On the promotional video for The Patriot’s Bible:
A series of images and captions makes the point: Adam and Eve, and George and Martha Washington—first families; Moses and Lincoln—freedom fighters; Jesus and the disciples, and the Continental Congress—founding fathers….the video ends with the the statement, “Sometimes history does repeat itself.” Really? Well, no, in this case it actually doesn’t repeat itself. Biblical, salvation history is not repeated or recapitulated in the history of the USA or any other nation, for that matter. To make such a claim is puerile, blasphemous nonsense. (p. 33)
The section includes these gems as well:
I am a personal admirer of a number of aspects of Jefferson and Paine, but orthodox Christians they emphatically were not. (p.33)
[T]he politics of nations and the destiny of God’s people, the church must never be identified. The Bible gives us no basis for doing that. (p.35)
We have every reason to view our nation’s heritage and blessings as a gift from God and as our stewardship, but it’s a serious error to see the church’s destiny has dependent on what happens to any nation.
The final “secular value” Trueman identifies is the celebrity mindset. His discussion of how our Christian-celebrity thinking parallels the errors of Corinth is insightful and persuasive (p. 37).
The world has Access Hollywood; the church has—well, you insert the name.
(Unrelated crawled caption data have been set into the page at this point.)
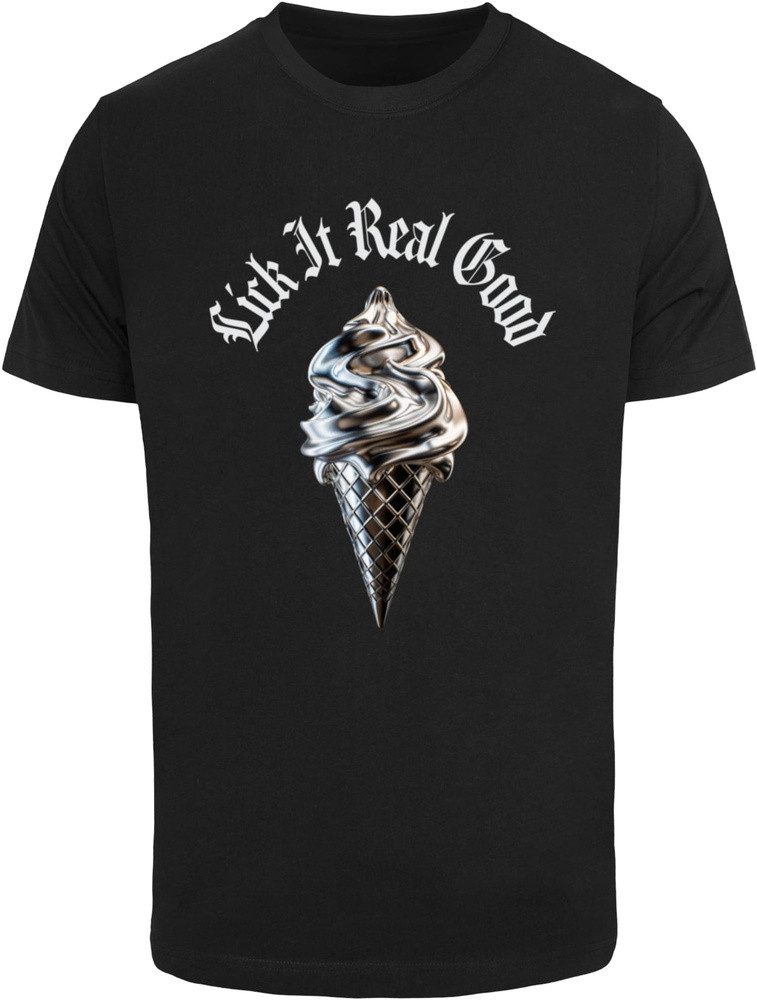 Mister Tee  T-Shirt T-shirt  Lick It Good günstig online kaufen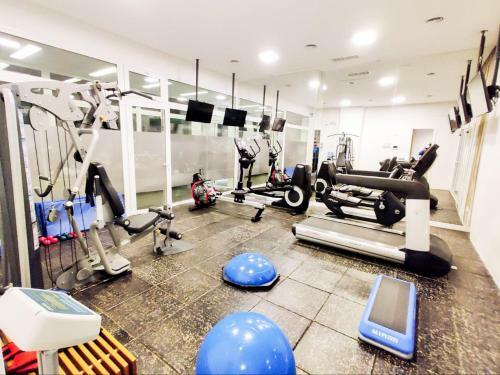 Apartamento Luxury Jewel Tandil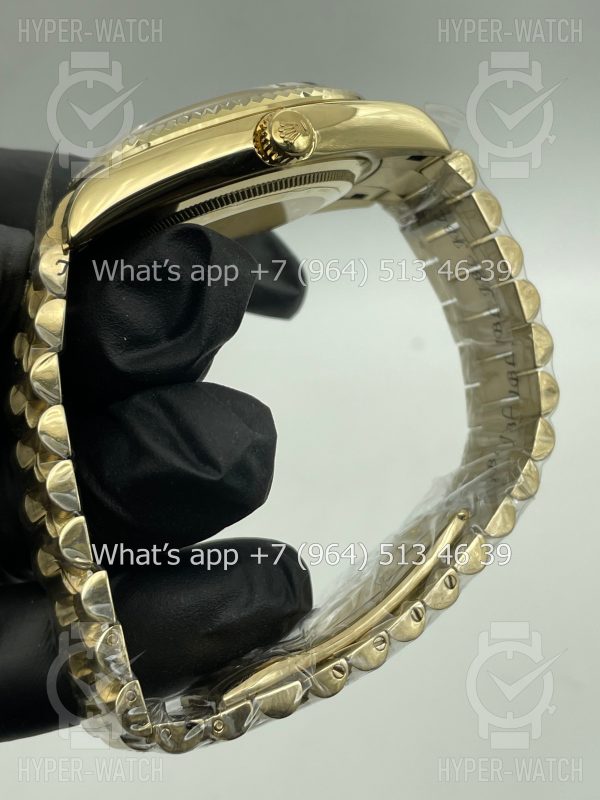 Товар Rolex Day-Date 40mm Art 3407 Фото 14 - Rolex Day-Date 40mm Art 3407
But the name has to be of someone who is able to build a big church, gain a big name, and offer a sanctified equivalent of the movie-star magic. This is secularization of the church just as surely as The Patriot’s Bible or the social gospel of Walter Rauschenbusch. (p. 39)
The chapter was a stimulating read. One question that dogged me throughout—why call these problems “secularization”? We have a word that is older and, arguably, more lucid: worldliness.